During these reviews, companies should take a holistic approach to security, examining everything from physical security measures to employee training programs. By identifying potential vulnerabilities and areas for improvement, leadership teams can work to strengthen their security posture and ensure employees are fully prepared for any situation.
Regular reviews also help to ensure that everyone in the company is on the same page when it comes to security, from senior executives down to individual employees. By providing ongoing training and communication about security threats and response protocols, enterprises and organizations can ensure that everyone is synchronized and ready to act during a threat event.
An effective approach to reviewing security practices must also consider post-Covid changes to the workforce. For example, remote work is here to stay, and business travel is approaching pre-pandemic levels. That means employees will not be in one location, a one-time zone, or one network. Exposure to cyber threats is a particular concern with remote work and business travel, as employees may use untested routers, public or home Wi-Fi, and no Virtual Private Network (VPN). With a dispersed workforce, companies must track their employees and have a good system to communicate with them.
In a global landscape defined by inter-state competition and conflict, natural disasters, and new threat vectors in cyberspace, no one knows when the next major disruption will hit their business. But corporate leaders can’t be caught off guard when a threat event happens. Whether one is a CEO or an individual employee, the responsibility to protect the enterprise should fall upon every member of the team.

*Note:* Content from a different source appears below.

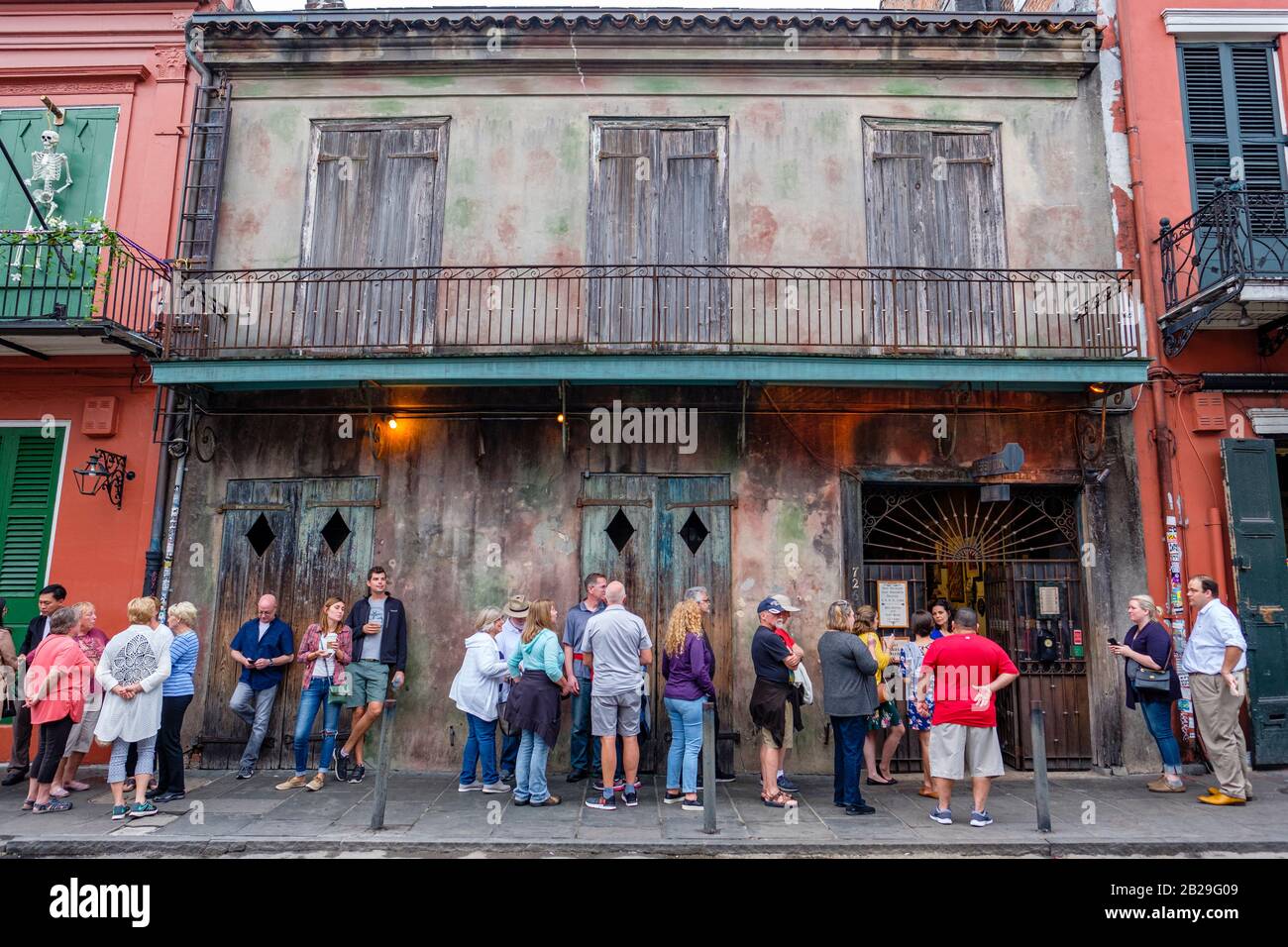 Le persone in attesa in linea fuori Preservation Hall jazz music venue, New Orleans, Louisiana, Stati Uniti d'America Foto Stock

To create this collaborative approach, companies must work now to obtain buy-in from all employees through regular training and tabletop exercises, and regularly review practices and protocols to identify and neutralize potential vulnerabilities. Between financial, reputational, and physical damage, not being prepared can cost you more than you can afford. But by adopting a new perspective on enterprise security, organizations can better safeguard their interests and protect their brands.